I have asked question on issue with using sgd. Below is description of it. Ted Dunning has mentioned their may be some issue with data encoding.
However I am not able to point issue. Could you please let me know what is issue its format or usage.
Attached uses input files
I am using Iris Plants Database from Michael Marshall. PFA iris.arff. Converted this to csv file just by updating header: iris-3-classes.csv
mahout org.apache.mahout.classifier. sgd.TrainLogistic --input /usr/local/mahout/trunk/*iris-3-classes.csv*--features 4 --output /usr/local/mahout/trunk/ *iris-3-classes.model* --target class *--categories 3* --predictors sepallength sepalwidth petallength petalwidth --types n
>> it gave following error.

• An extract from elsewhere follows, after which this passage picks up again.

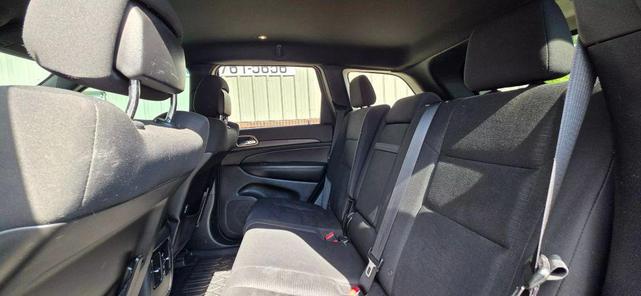 Photo of 2017 Diamond Black Crystal Pearlcoat Jeep Grand Cherokee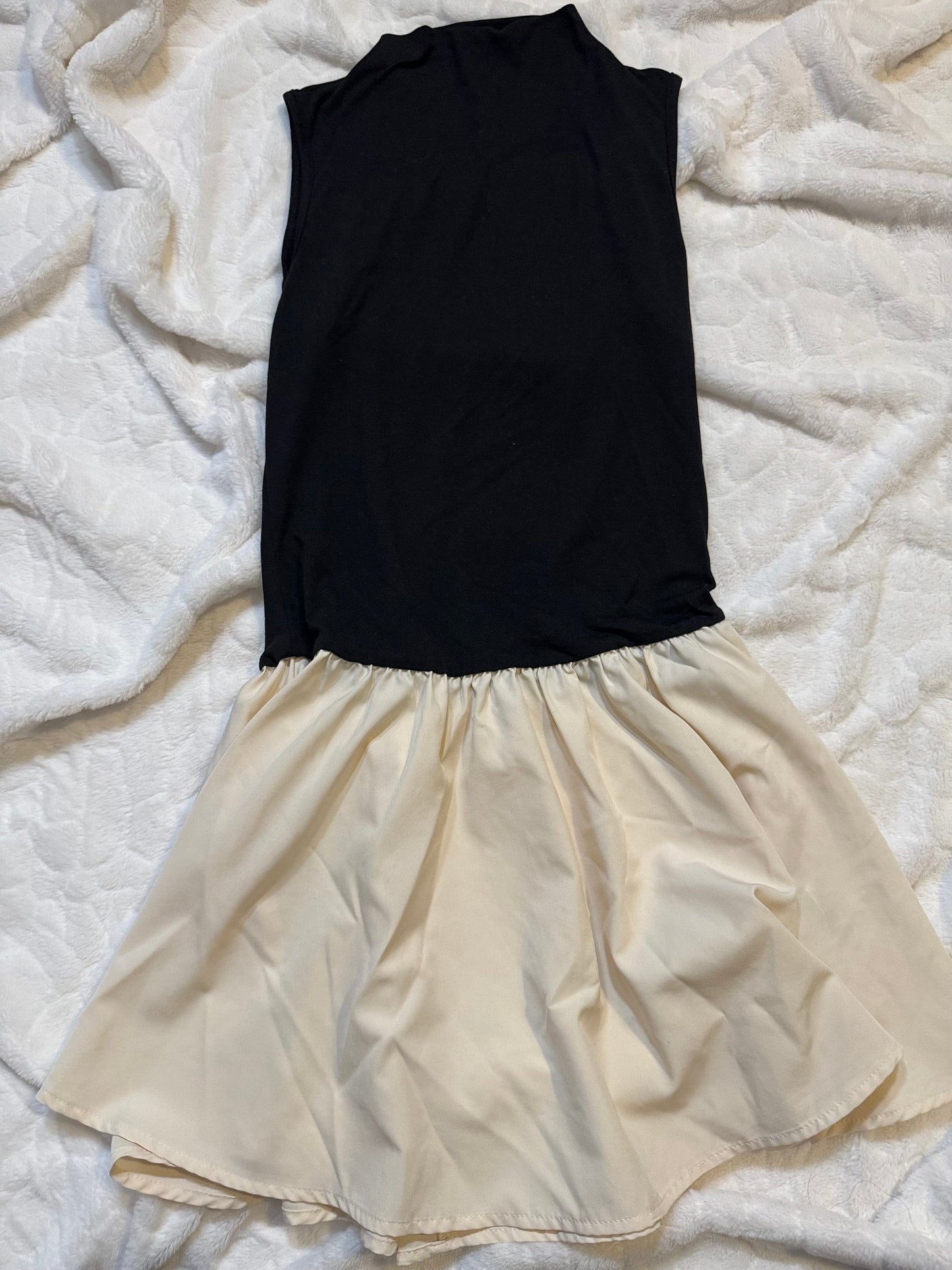 #53 women’s short dress size S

Exception in thread "main" java.lang.IllegalArgumentException: Can only call classifyScalar with two categories
Now created csv with only 2 classes. PFA iris-2-classes.csv
>> trained iris-2-classes.csv with sgd
mahout org.apache.mahout.classifier.sgd.TrainLogistic --input /usr/local/mahout/trunk/*iris-2-classes.csv* --features 4 --output /usr/local/mahout/trunk/*iris-2-classes.mode*l --target class *--categories 2* --predictors sepallength sepalwidth petallength petalwidth --types n mahout runlogistic --input /usr/local/mahout/trunk/iris-2-classes.csv --model /usr/local/mahout/trunk/iris-2-classes.model --auc --confusion
AUC = 0.14 confusion: [[50.0, 50.0], [0.0, 0.0]] entropy: [[-0.6, -0.3], [-0.8, -0.4]]
>> AUC seems to poor. Now changed --predictors
mahout org.apache.mahout.classifier.sgd.TrainLogistic --input /usr/local/mahout/trunk/*iris-2-classes.csv* --features 4 --output /usr/local/mahout/trunk/*iris-2-classes.mode*l --target class *--categories 2* --predictors sepalwidth petallength --types n n
mahout runlogistic --input /usr/local/mahout/trunk/iris-2-classes.csv --model /usr/local/mahout/trunk/iris-2-classes.model --auc --confusion --scores
AUC = 0.80 confusion: [[50.0, 50.0], [0.0, 0.0]] entropy: [[-0.7, -0.3], [-0.7, -0.4]]
AUC is improved, however from confusion matrix seems everything is classified as class a.
Below is the output.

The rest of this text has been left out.